"""
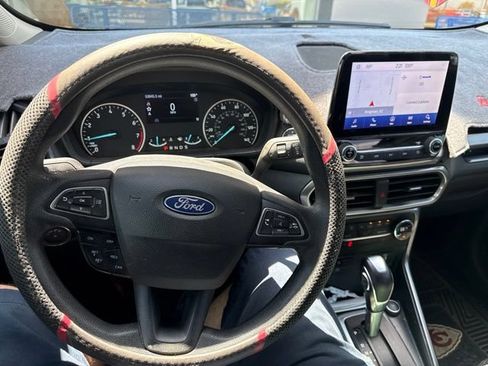 Used 2021 Ford EcoSport SE w/ SE Convenience Package FWD image 8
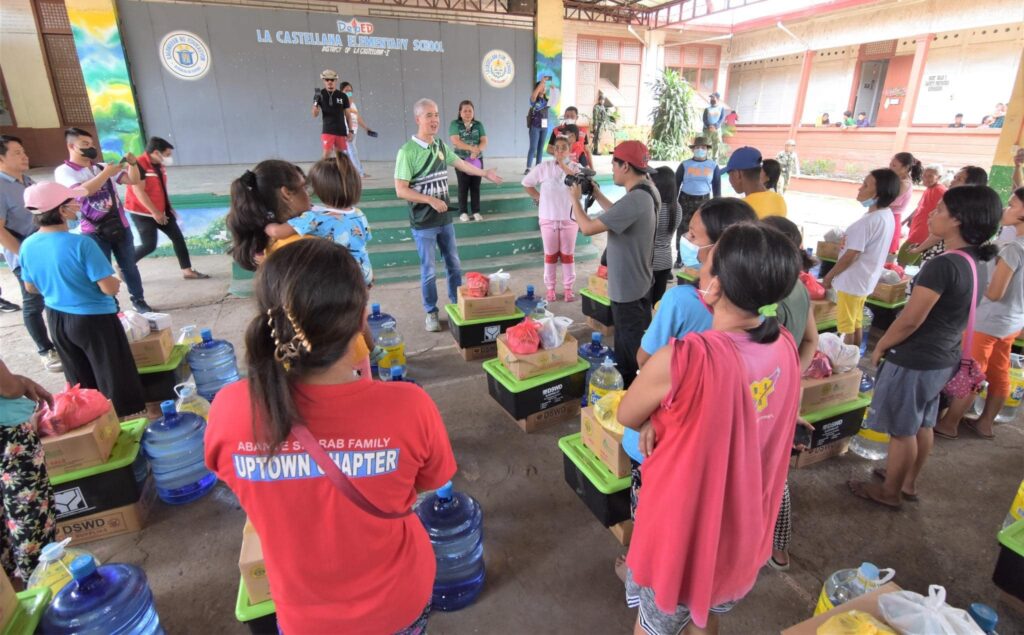 As Mt. Kanlaon erupts, thousands flee to schools for evacuation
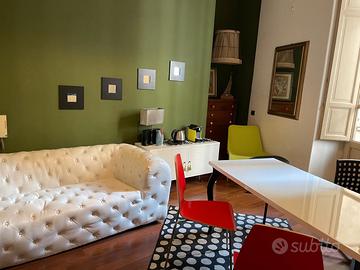 A/1159 Stanza all'interno di un ufficio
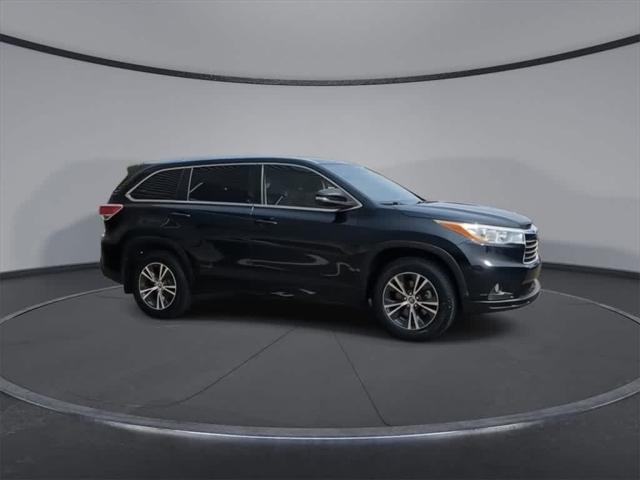 used 2016 Toyota Highlander car, priced at $14,991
"""
■ **PROMPT**
Leave the pictures out, and print every line of the listing exactly as written.

■ **SOLUTION TO THE EXERCISE**
 Used 2021 Ford EcoSport SE w/ SE Convenience Package FWD image 8
 As Mt. Kanlaon erupts, thousands flee to schools for evacuation
 A/1159 Stanza all'interno di un ufficio
 used 2016 Toyota Highlander car, priced at $14,991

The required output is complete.